Control of Humanoid Robots with Parallel Mechanisms using Differential Actuation Models
Victor Lutz, Ludovic de Matteis, Virgile Batto, Nicolas Mansard
TL;DR
The study addresses control and learning for humanoid robots with parallel actuation by introducing a compact, differentiable actuation model that exactly captures the non-linear transmissions of knee and ankle mechanisms. This Actuated Serial model enables efficient first- and second-order derivatives for trajectory optimization and provides an analytical impedance transfer to motor space for reinforcement learning. By integrating the model into full-body trajectory optimization and RL, and validating on hardware, the approach yields higher accuracy and robustness than constant-ratio approximations and supports transferring serial-trained policies to hardware with actuator-space gains.

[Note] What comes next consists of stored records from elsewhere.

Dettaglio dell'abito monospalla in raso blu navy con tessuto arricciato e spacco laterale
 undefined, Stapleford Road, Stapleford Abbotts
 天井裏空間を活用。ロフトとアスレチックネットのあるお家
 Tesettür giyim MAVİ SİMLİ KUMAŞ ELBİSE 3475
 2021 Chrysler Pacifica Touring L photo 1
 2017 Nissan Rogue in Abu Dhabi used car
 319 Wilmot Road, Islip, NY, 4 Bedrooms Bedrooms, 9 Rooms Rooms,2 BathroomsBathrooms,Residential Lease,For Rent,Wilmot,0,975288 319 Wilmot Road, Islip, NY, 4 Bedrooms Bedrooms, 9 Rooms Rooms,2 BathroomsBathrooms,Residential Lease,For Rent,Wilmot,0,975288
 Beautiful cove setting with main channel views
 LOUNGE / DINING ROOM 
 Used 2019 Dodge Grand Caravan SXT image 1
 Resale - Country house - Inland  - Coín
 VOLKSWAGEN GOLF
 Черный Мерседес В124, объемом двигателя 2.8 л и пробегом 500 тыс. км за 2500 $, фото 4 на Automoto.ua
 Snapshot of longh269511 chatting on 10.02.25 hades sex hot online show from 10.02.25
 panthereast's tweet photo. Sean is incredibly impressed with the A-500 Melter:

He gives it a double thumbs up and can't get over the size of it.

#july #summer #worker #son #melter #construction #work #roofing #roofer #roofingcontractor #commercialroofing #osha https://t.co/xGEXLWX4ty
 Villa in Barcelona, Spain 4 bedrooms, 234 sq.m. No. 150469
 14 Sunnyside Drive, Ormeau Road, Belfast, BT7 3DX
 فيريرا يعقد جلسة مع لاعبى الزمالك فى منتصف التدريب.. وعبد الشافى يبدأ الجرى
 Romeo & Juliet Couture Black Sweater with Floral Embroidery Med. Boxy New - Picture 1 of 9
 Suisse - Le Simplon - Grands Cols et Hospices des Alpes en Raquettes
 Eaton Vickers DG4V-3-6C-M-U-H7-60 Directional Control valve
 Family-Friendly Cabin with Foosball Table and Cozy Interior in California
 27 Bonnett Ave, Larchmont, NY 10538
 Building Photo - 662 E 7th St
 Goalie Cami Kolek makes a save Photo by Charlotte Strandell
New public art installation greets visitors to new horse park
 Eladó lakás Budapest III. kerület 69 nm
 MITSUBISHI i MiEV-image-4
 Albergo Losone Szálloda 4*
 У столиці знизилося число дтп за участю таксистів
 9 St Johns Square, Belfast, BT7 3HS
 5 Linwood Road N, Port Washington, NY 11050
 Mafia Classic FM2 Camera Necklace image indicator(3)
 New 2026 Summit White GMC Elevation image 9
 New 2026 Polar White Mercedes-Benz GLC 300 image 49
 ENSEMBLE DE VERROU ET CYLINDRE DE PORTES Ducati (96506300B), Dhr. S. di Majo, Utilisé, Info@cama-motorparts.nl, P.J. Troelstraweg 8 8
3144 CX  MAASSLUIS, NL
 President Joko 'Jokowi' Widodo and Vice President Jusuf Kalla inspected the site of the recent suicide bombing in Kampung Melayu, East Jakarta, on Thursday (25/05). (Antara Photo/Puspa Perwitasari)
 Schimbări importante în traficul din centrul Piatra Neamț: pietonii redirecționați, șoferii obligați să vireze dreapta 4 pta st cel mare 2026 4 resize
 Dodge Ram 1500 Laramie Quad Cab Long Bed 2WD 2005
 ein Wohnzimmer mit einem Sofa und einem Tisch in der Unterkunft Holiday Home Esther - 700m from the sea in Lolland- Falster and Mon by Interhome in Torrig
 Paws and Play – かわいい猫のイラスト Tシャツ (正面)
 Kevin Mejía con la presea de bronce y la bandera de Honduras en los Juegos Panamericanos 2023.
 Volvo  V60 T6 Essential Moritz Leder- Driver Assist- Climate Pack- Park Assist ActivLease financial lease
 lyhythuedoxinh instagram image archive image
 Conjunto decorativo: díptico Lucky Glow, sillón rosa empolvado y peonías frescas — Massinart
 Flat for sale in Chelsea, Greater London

The results demonstrate practical benefits for WB-MPC and RL in parallel-actuated humanoids, reducing computational overhead while expanding feasible motion envelopes and improving real-world performance.
Abstract
Several recently released humanoid robots, inspired by the mechanical design of Cassie, employ actuator configurations in which the motors are displaced from the joints to reduce leg inertia. While studies accounting for the full kinematic complexity have demonstrated the benefits of these designs, the associated loop-closure constraints greatly increase computational cost and limit their use in control and learning. As a result, the non-linear transmission is often approximated by a constant reduction ratio, preventing exploitation of the mechanism's full capabilities. This paper introduces a compact analytical formulation for the two standard knee and ankle mechanisms that captures the exact non-linear transmission while remaining computationally efficient. The model is fully differentiable up to second order with a minimal formulation, enabling low-cost evaluation of dynamic derivatives for trajectory optimization and of the apparent transmission impedance for reinforcement learning. We integrate this formulation into trajectory optimization and locomotion policy learning, and compare it against simplified constant-ratio approaches. Hardware experiments demonstrate improved accuracy and robustness, showing that the proposed method provides a practical means to incorporate parallel actuation into modern control algorithms.